A collective of activists dedicated to preserving music history has completed a massive backup of Spotify’s music catalog, a project undertaken to safeguard cultural artifacts against potential loss from platform failures or corporate decisions.
Anna’s Archive, a non-profit organization previously focused on archiving books and academic papers, announced it scraped Spotify on a large scale, archiving metadata for approximately 256 million tracks and audio files—around 86 million with accompanying audio, totaling just under 300 terabytes of data.
While most of the archived material predates July 2025, the group claims to have captured 99.6 percent of the music regularly streamed on Spotify, offering a remarkably comprehensive snapshot of the platform’s offerings.
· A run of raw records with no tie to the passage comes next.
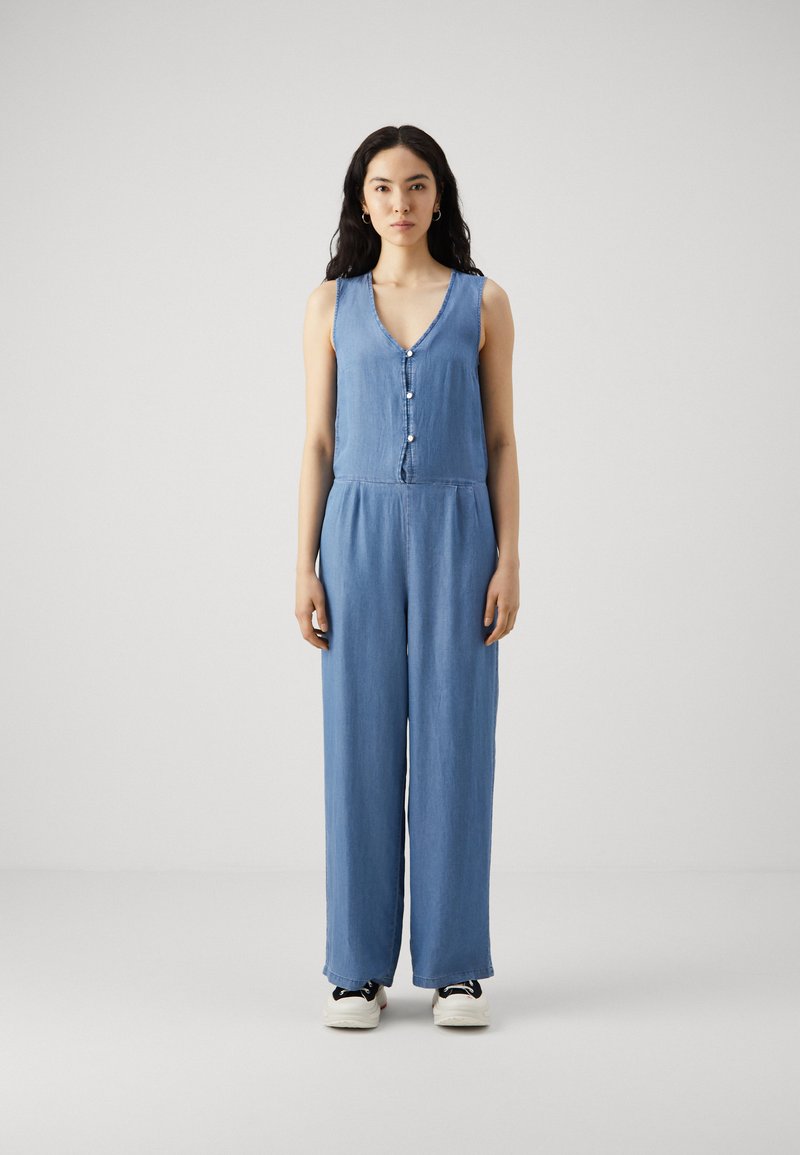 Šampanj jumpsuit z V-izrezom, sprednjim gumbom, brez rokavov, širokimi hlačnicami in sproščenim krojem, v svetlo modri barvi.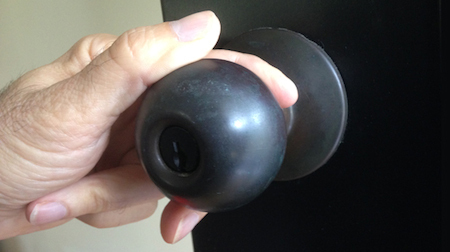 fingers-on-doorknob 450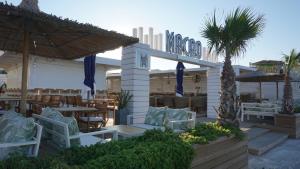 un restaurante con sillas, mesas y una palmera en Beachhouse Kokkinos Pyrgos, en Kokkinos Pirgos
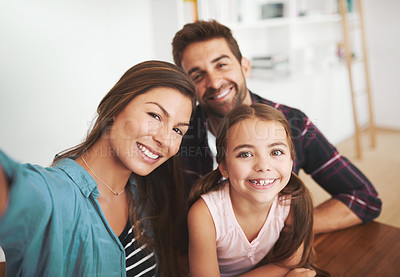 Buy stock photo Portrait of a happy married couple and their young daughter posing for a selfie together at home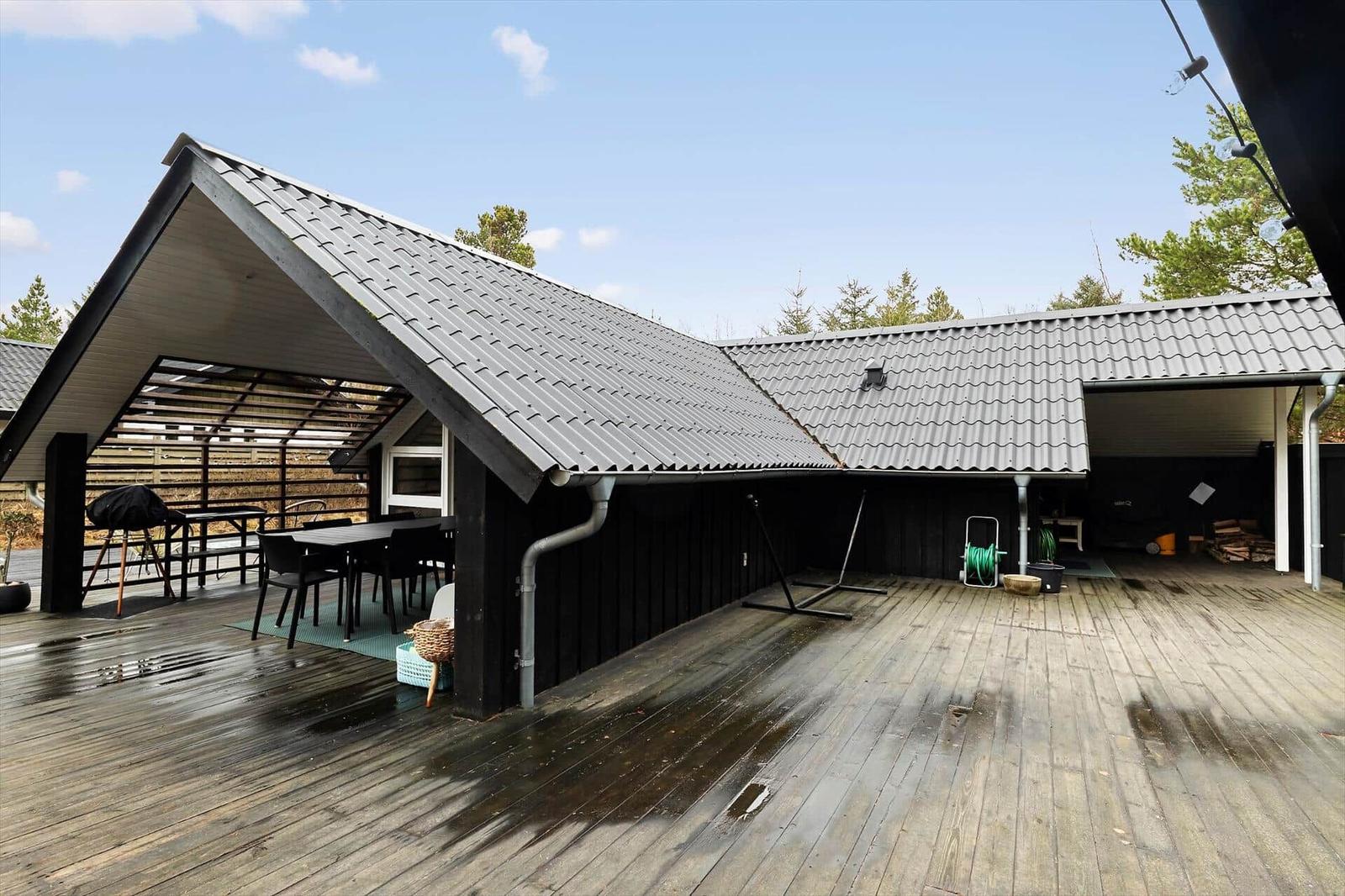 Deck with seating and grill under roof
Pirates Say They’ve Copied Almost Spotify’s Entire Music Catalog
The ambitious project raises questions about digital preservation, copyright, and who truly owns our cultural heritage.
The sheer scale of the archive might seem improbable until you consider the dynamics of music streaming. A small percentage of hugely popular songs generate the vast majority of streams, while tens of millions of tracks remain largely unheard, accumulating digital dust. According to Anna’s Archive, Spotify’s most-played songs significantly outweigh the combined streams of its least-popular tracks.
From a preservation perspective, the group argues that prioritizing what people actually listen to is more practical than striving for complete archival coverage. They frame the effort as “cultural insurance,” noting that existing preservation efforts often favor superstar artists, high-fidelity audio, or private collections. What’s currently lacking, they contend, is a robust, accessible archive designed to withstand events like wars, natural disasters, economic downturns, or corporate collapses.
The data will be released in stages, beginning with metadata, followed by audio files ranked by popularity, and ultimately including album artwork.
Spotify has responded to the archiving effort by shutting down accounts involved in what it deems unlawful scraping and implementing new safeguards against copyright infringement, reaffirming its commitment to protecting artists’ rights.
The situation highlights a fundamental tension: platforms present themselves as custodians of culture, while others argue that content locked behind subscriptions and digital rights management isn’t truly preserved at all. Whether Anna’s Archive is viewed as a digital library or a piracy operation may ultimately hinge on which future people trust more—one controlled by corporations or one maintained by archivists with ample storage capacity.
- Anna’s Archive has backed up metadata for 256 million Spotify tracks, with audio files totaling nearly 300 terabytes.
- The archive prioritizes preserving music people actually listen to, rather than aiming for complete catalog coverage.
- Spotify has taken action to block the scraping of its platform and protect copyright.
- The project sparks debate about digital preservation, corporate control, and the future of cultural heritage.
What constitutes true preservation in the digital age? The question is at the heart of this debate, as platforms and independent archivists clash over the best way to safeguard our musical legacy.